Nilai tukar rupiah pada hari ini (28/9/2022) ditutup pada level Rp15.266 per dolar AS, melemah sebesar 0,94 persen atau 142,5 poin.
Pelemahan nilai tukar rupiah juga terjadi seiring dengan pelemahan sebagian besar mata uang negara di kawasan Asia, misalnya won Korea yang melemah sebesar 1,27 persen, yuan China melemah 0,90 persen, dan ringgit Malaysia 0,34 persen terhadap dolar AS.
Deputi Gubernur Bank Indonesia (BI) Dody Budi Waluyo menyampaikan bahwa penguatan dolar AS yang terjadi saat ini dipengaruhi oleh pengetatan kebijakan moneter the Fed yang akan lebih agresif ke depan.
"Penguatan dolar AS terjadi terhadap mata uang global [across the board] tercermin pada dolar index. Dolar AS menguat lebih signifikan terhadap mata uang negara maju," katanya kepada Bisnis, Rabu (28/9/2022).
Dia menjelaskan, pelemahan mata uang negara maju terhadap dolar AS jauh lebih signifikan dibandingkan dengan mata uang di negara berkembang.
Baca Juga
"Kita lihat dalam beberapa waktu terakhir poundsterling Inggris dan yen Jepang serta mata uang negara maju lainnya melemah signifikan sehingga harus diintervensi oleh otoritas. Suatu hal yang jarang mereka lakukan sebelumnya," kata Dody.

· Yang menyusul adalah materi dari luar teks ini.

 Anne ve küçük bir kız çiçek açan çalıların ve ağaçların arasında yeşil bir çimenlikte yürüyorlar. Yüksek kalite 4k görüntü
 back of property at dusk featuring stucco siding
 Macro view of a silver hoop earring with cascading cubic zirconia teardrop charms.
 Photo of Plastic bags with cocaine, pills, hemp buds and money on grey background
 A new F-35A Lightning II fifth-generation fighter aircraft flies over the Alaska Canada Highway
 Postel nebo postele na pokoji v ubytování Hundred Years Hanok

Sementara itu, dia mengatakan penguatan dolar AS terhadap mata uang negara emerging markets masih terukur, termasuk rupiah.
"Hal ini karena prospek ekonomi yang positif dan tekanan inflasi di emerging market tidak sebesar negara maju," jelas Dody.

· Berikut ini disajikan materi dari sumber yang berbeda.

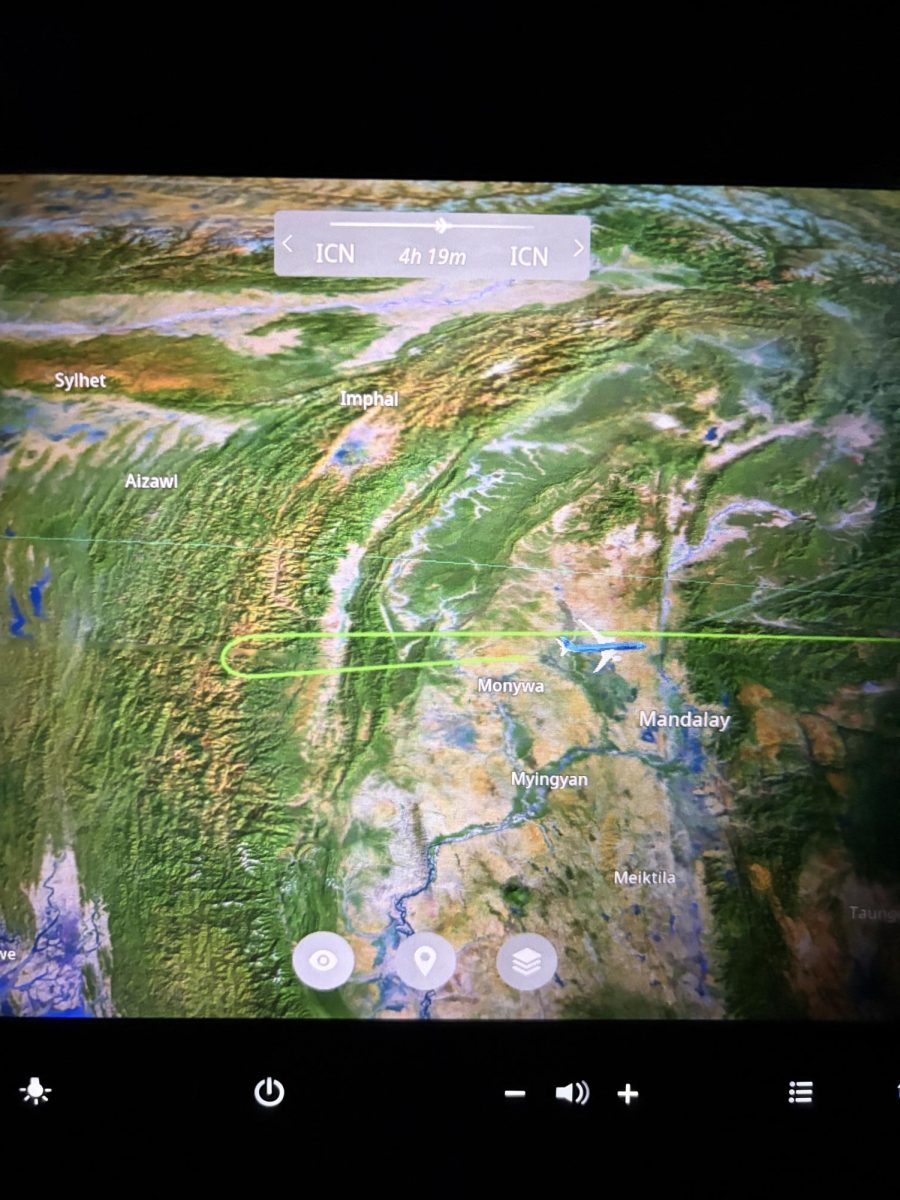 The aircraft KE952 of Korea Airlines makes a U-turn back toward Incheon above Myanmar. With confusion and anxiety, the passengers on the plane bring out their phones to look up live updates.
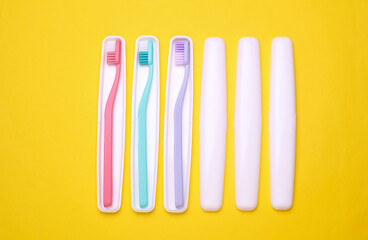 Plastic cases with toothbrushes on yellow background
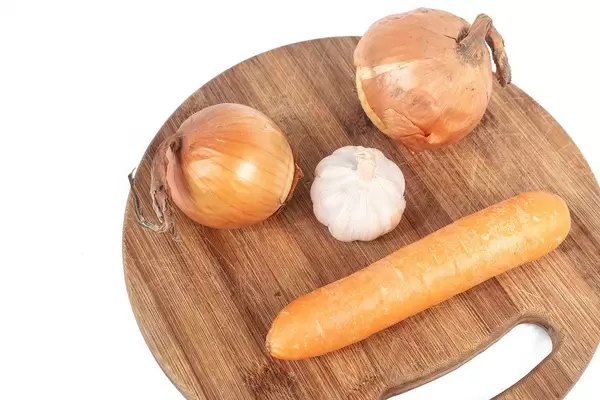 Funny image with Onion Garlic and Carrot on the wooden board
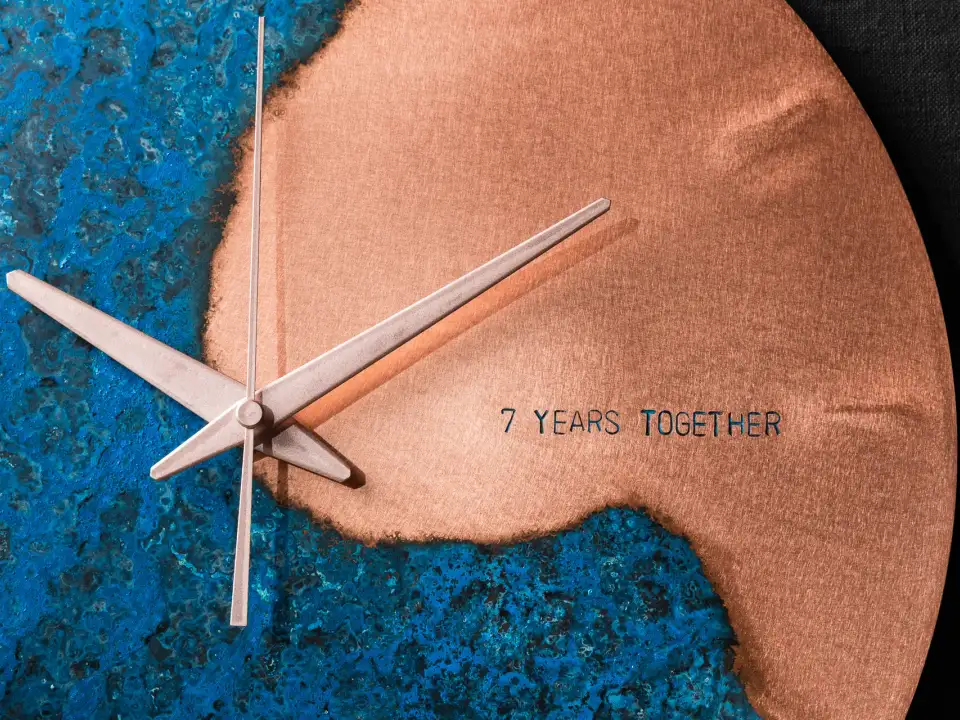 Close-up of a handcrafted Empire Copper wall clock showing blue patina and brushed copper finish with engraved text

Pada kesempatan berbeda, Ekonom sekaligus Direktur Center of Economic and Law Studies (Celios) Bhima Yudhistira menyampaikan bahwa pelemahan rupiah, dipengaruhi oleh beberapa faktor, terutama dipicu oleh agresivitas kebijakan moneter di negara maju.
Kebijakan kenaikan suku bunga yang agresif menyebabkan aliran modal keluar dari negara berkembang dan menekan mata uang negara-negara tersebut, termasuk Indonesia.
"Kemudian tingginya inflasi di negara berkembang memicu kekhawatiran terjadinya tekanan pada sektor keuangan," katanya.
Dia menambahkan, kondisi ini diperparah dengan adanya ancaman resesi ekonomi secara global, sehingga investor cenderung mengamankan aset ke instrumen yang lebih aman.
Bhima memperkirakan rupiah ke depan masih berpotensi melemah hingga ke level Rp15.500 per dolar AS.